Il confirme, ensuite, que l’évolution décrétale qui a suivi la contestation par la LDH et la CNAPD de l’octroi de licences dans le cadre d’une vente d’armes à la Libye en 2011 était insuffisante. Le décret wallon doit en effet être réformé en profondeur afin de garantir la transparence et de permettre le débat démocratique qu’exigent ces types de dossiers. A cette fin, la transmission d’informations permettant aux parlementaires d’exercer réellement leur pouvoir de contrôle est indispensable. La possibilité d’un véritable contrôle démocratique vérifiant qu’un octroi de licence ne contrevient pas aux engagements de la Belgique doit être structurellement mis sur pied. Pour pouvoir effectivement contrôler et, le cas échéant, interpeller l’Exécutif, le parlement doit avoir accès aux avis de la Commission. A minima, un rapport devrait être transmis au parlement sur une base mensuelle plutôt que semestrielle comme c’est le cas actuellement. Par ailleurs, la mise en place d’une Commission d’avis pluraliste incluant une majorité de représentants indépendants de l’autorité qui octroie la licence d’exportation (académiques, magistrats…) permettrait d’éviter que le respect des critères garantissant la protection des droits humains ne soit pas affecté par les intérêts commerciaux et industriels.
Enfin, le Conseil d’Etat rappelle au gouvernement wallon sa lourde responsabilité en matière de gestion du secteur de l’armement en Belgique. En restant dans une position attentiste depuis la première action contre les « licences libyennes » (2009), en omettant d’exécuter le décret régissant la matière (2012), en méprisant la résolution fédérale demandant la mise en place d’un embargo sur les ventes d’armes à l’Arabie Saoudite (2017), le gouvernement fait courir un risque à l’industrie. En tant qu’actionnaire à 100% de la FN Herstal, il a le pouvoir et le devoir de s’assurer que cette entreprise ne dépende pas de marchés qu’il qualifie lui-même de « très sensibles ». A défaut, il se rend responsable de la fragilisation du secteur : le caractère problématique de ces destinations est connu de longue date. Ne rien faire, c’est poser un choix qui risque d’être lourd de conséquences pour l’emploi dans cette filière…
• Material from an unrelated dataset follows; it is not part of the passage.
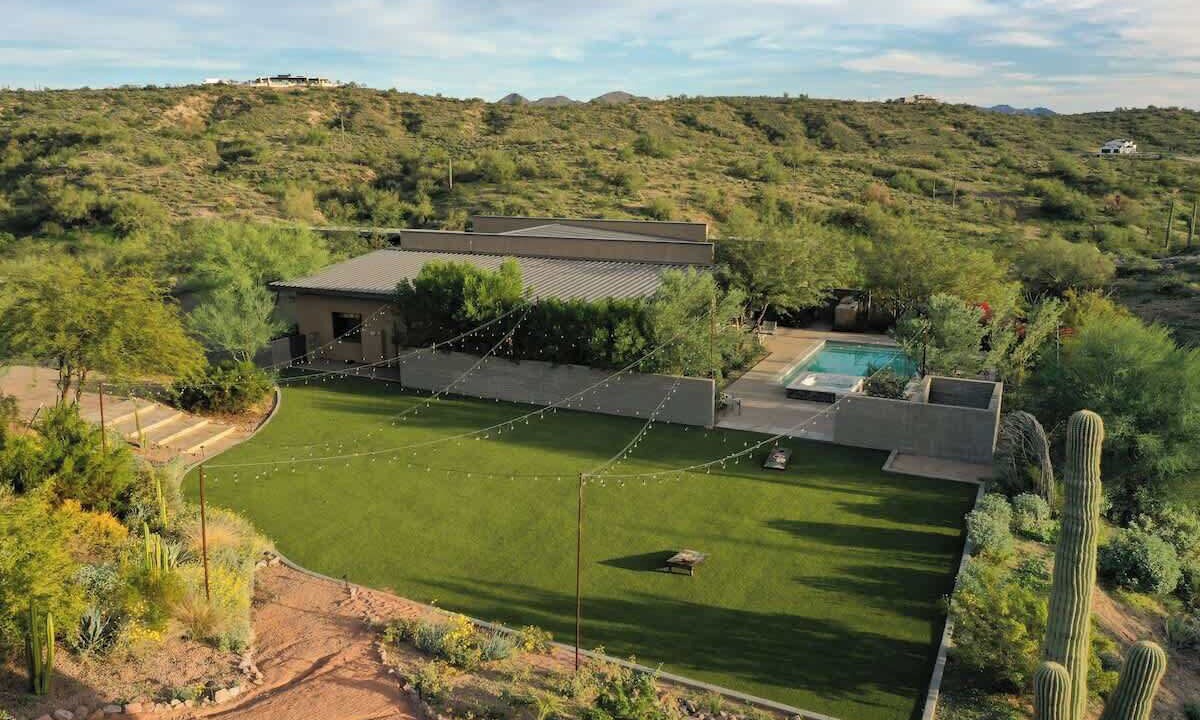 Photo of Outdoor in Fort McDowell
Plutôt que d’être perçu comme une défaite par le gouvernement wallon, cet arrêt constitue une occasion pour les autorités d’appliquer et de veiller au respect de la Position commune par les autres pays de l’Union européenne afin de s’accorder sur l’opportunité de mettre en place un embargo sur les ventes d’armes au royaume saoudien. Une bonne pratique qui lancerait un signal fort aux autres États de l’Union européenne.